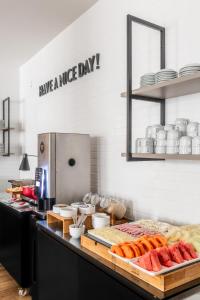 a kitchen with a bunch of food on a counter at DELPLAZA Timbiras São Paulo in São Paulo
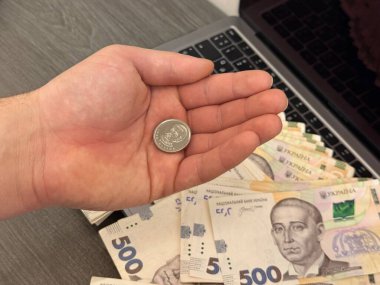 Tek bir madeni para, yoksulluğu temsil eden açık bir avuç içinde dururken, bir dizüstü bilgisayar ve 500 UAH banknot yığını arka planda oturup zenginliğin karşıtlığını gözler önüne seriyor..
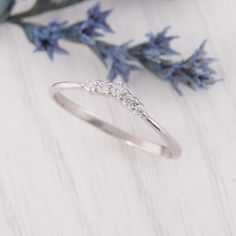 a white gold ring with three diamonds on it, sitting next to blue flower stems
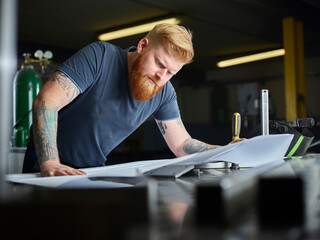 Male professional analyzing business plan while standing at factory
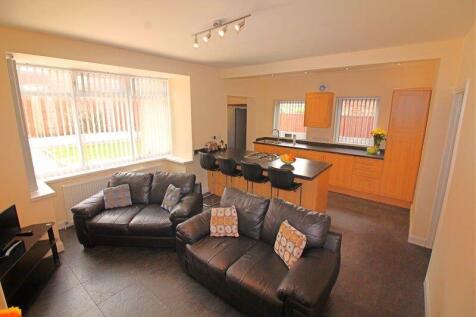 Bright and inviting open-plan living room with ...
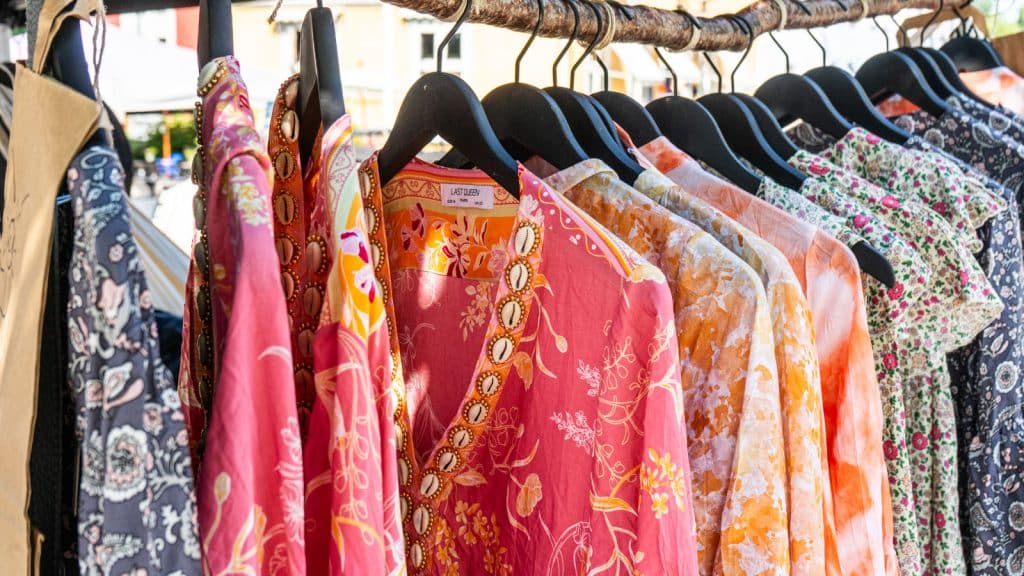 Colourful tunics for sale on a wooden clothes rack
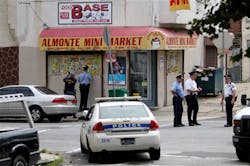 Investigators gather outside a corner store on N. 4th Street in the Feltonville section of Philadelphia on Aug. 13 after a police officer was shot.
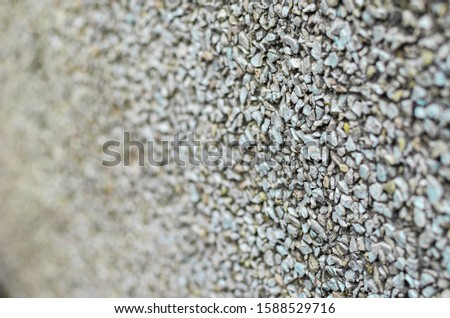 Fine gravel. Closeup of a layer of stones of various shapes. Focus on the right third of the frame. The far-off perspective of the picture. Abstract background for many tasks. Selective focus.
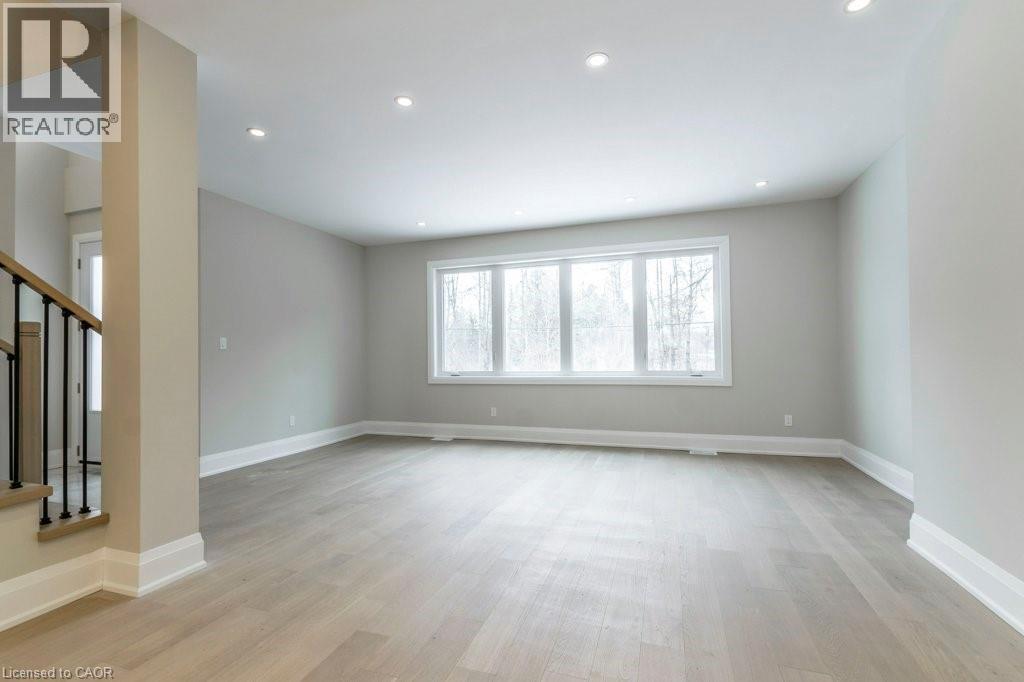 Unfurnished room featuring light wood-style floors and recessed lighting - 1105 Main Street E, Cambridge, ON - Indoor Photo Showing Other Room
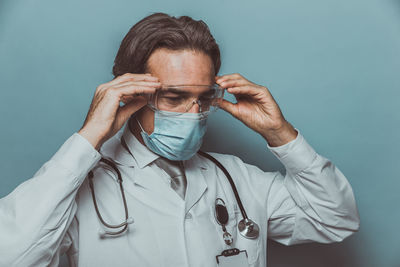Close-up of doctor wearing mask against colored background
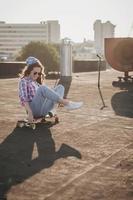 femme de mode posant sur une planche à roulettes photo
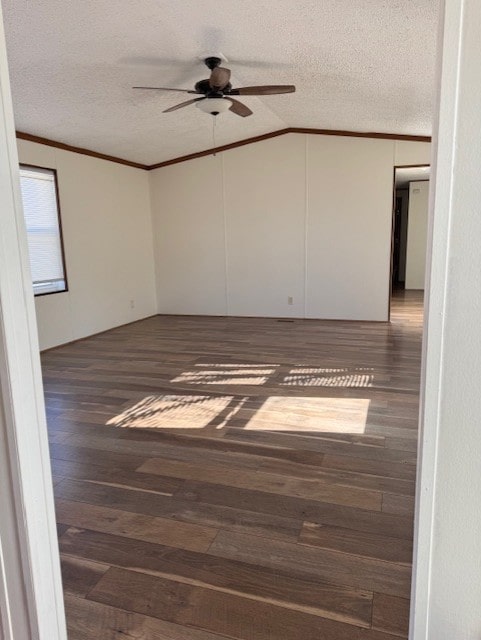 unfurnished room with a textured ceiling, lofted ceiling, wood finished floors, a ceiling fan, and ornamental molding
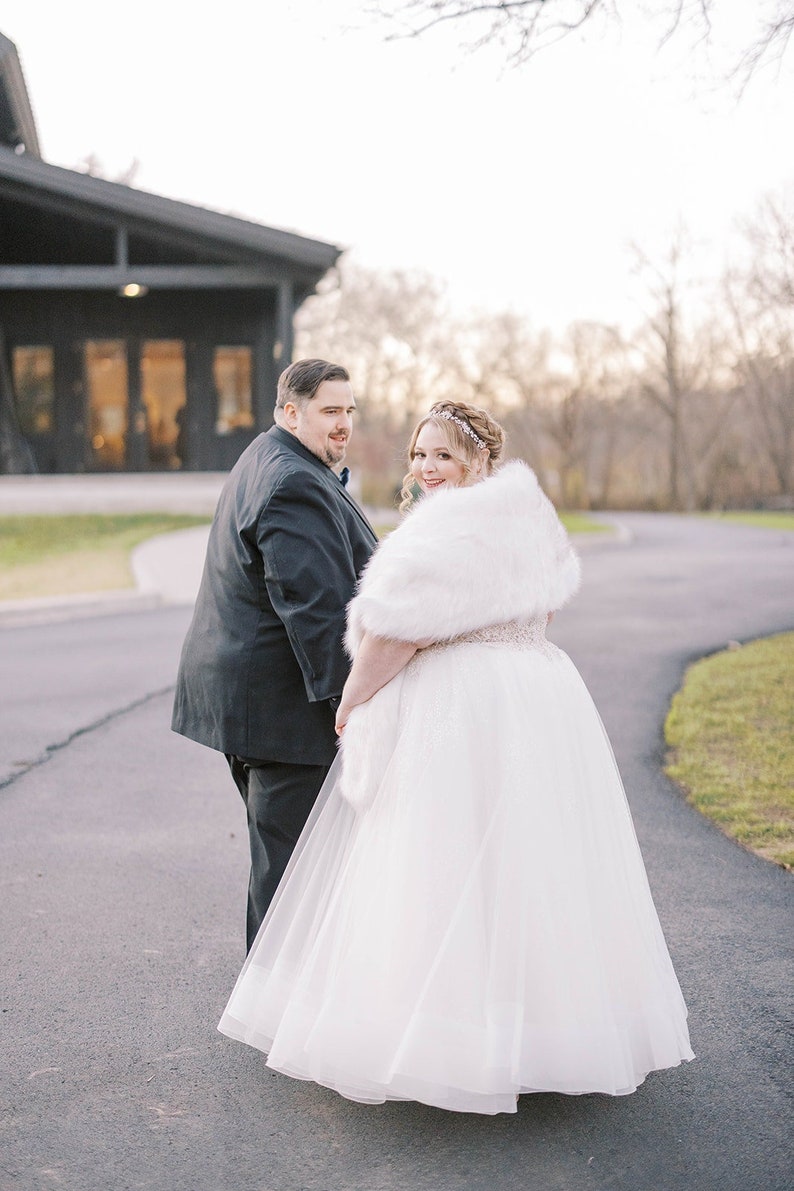 May include: A bride and groom walking down a paved path. The bride is wearing a white wedding dress with a fur shawl and a tiara. The groom is wearing a black suit. They are walking away from the camera and smiling.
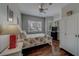 Bedroom with hardwood floors, ceiling fan, bright windows and a large bed at 620 Bayway Blvd # 1, Clearwater, FL 33767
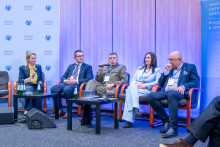 A speaker at a lectern gesturing with one hand while speaking into two microphones, wearing a conference badge, with a presentation slide and institutional logos in the background.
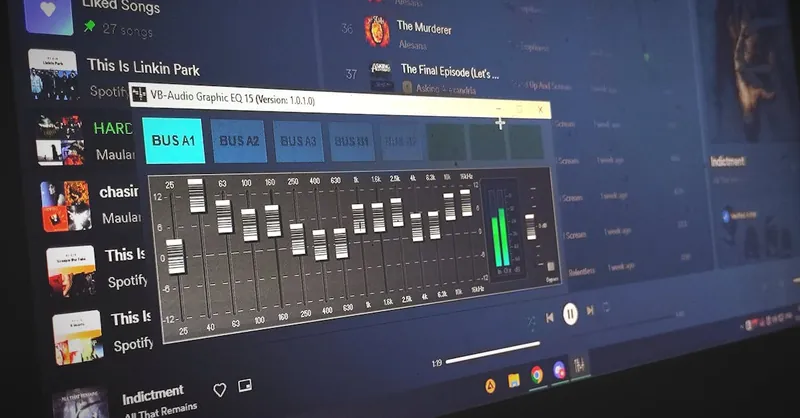 Close-up of a digital audio graphic equalizer on a laptop screen for music editing.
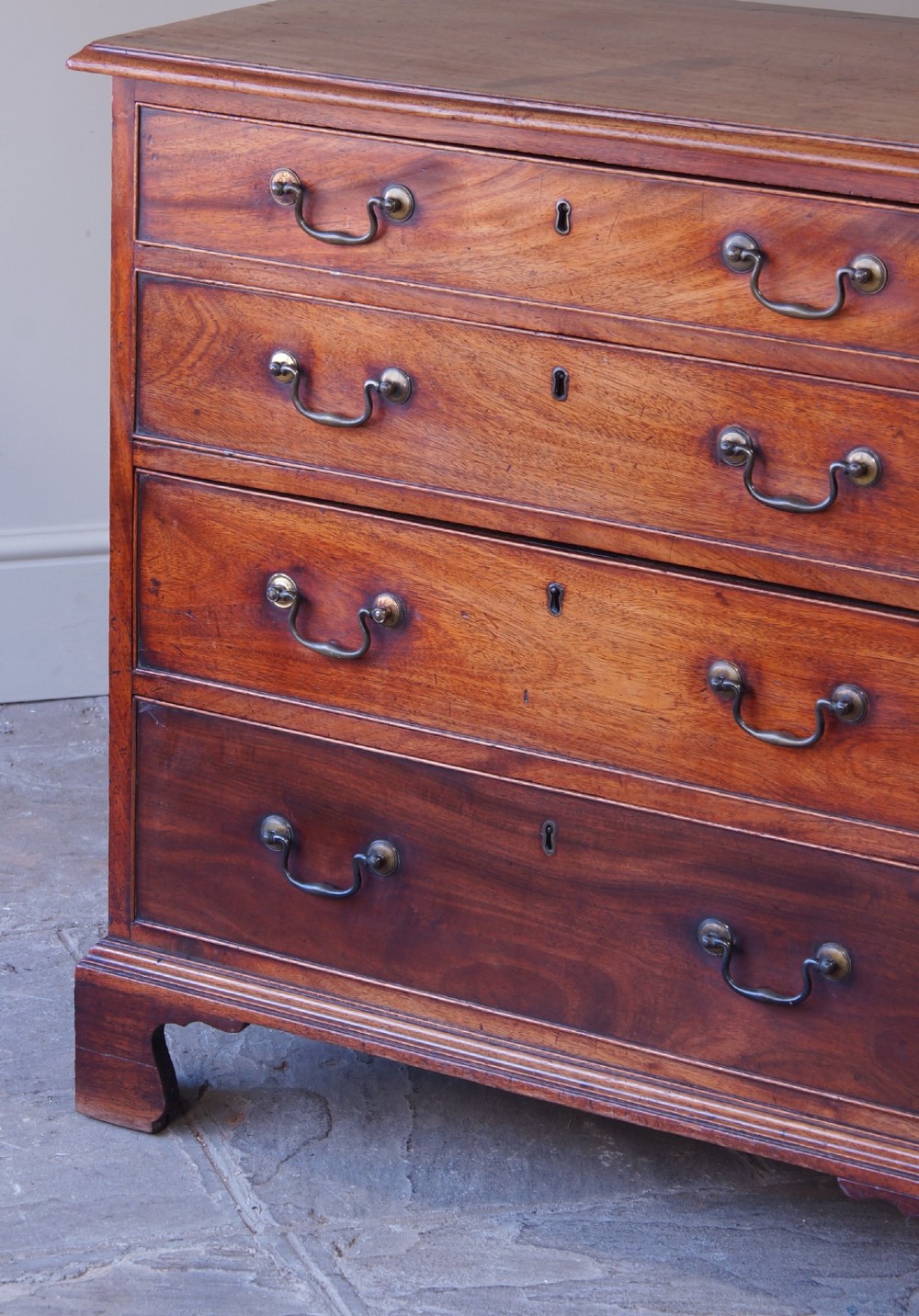 An 18th-century Georgian mahogany chest of drawers featuring four graduated drawers, brass swan-neck handles, keyhole escutcheons, and bracket feet. View III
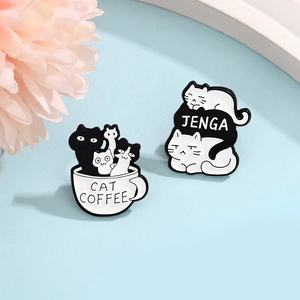 Close-up of cat coffee and cat jenga enamel pins on a fresh blue and floral background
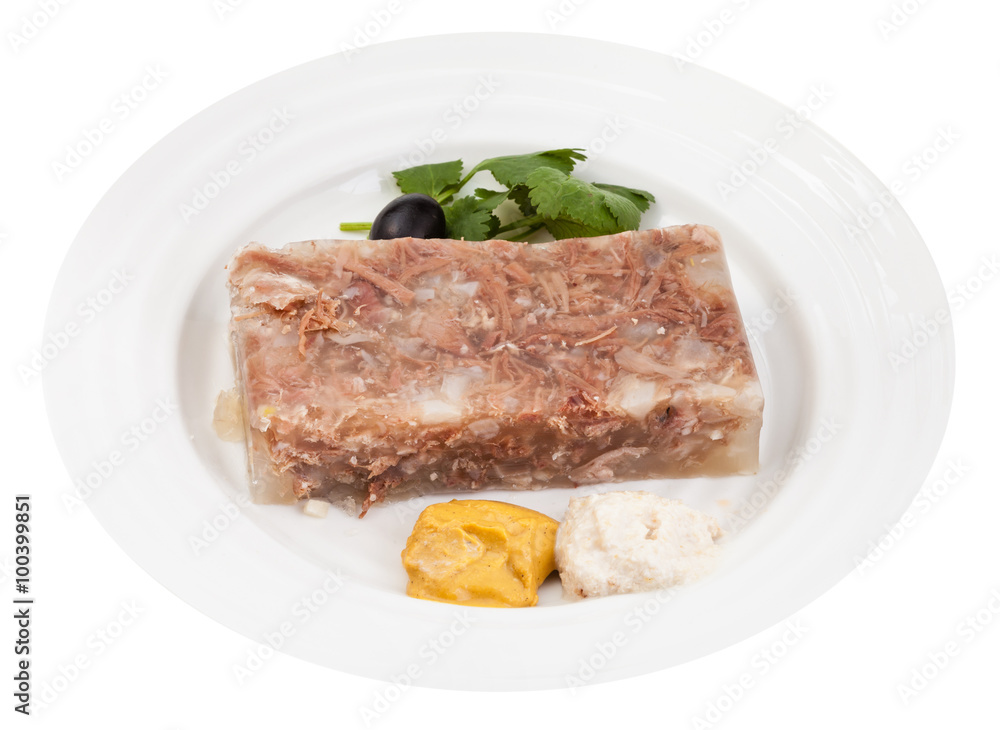 portion of meat aspic with seasonings on plate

## [WHAT TO WORK ON]
Output exactly those lines of the data above that run from the line with "Tek bir madeni" up to and including the line with "Colourful tunics for". No pictures go in.

## [SOLVED EXERCISE]
 Tek bir madeni para, yoksulluğu temsil eden açık bir avuç içinde dururken, bir dizüstü bilgisayar ve 500 UAH banknot yığını arka planda oturup zenginliğin karşıtlığını gözler önüne seriyor..
 a white gold ring with three diamonds on it, sitting next to blue flower stems
 Male professional analyzing business plan while standing at factory
 Bright and inviting open-plan living room with ...
 Colourful tunics for sale on a wooden clothes rack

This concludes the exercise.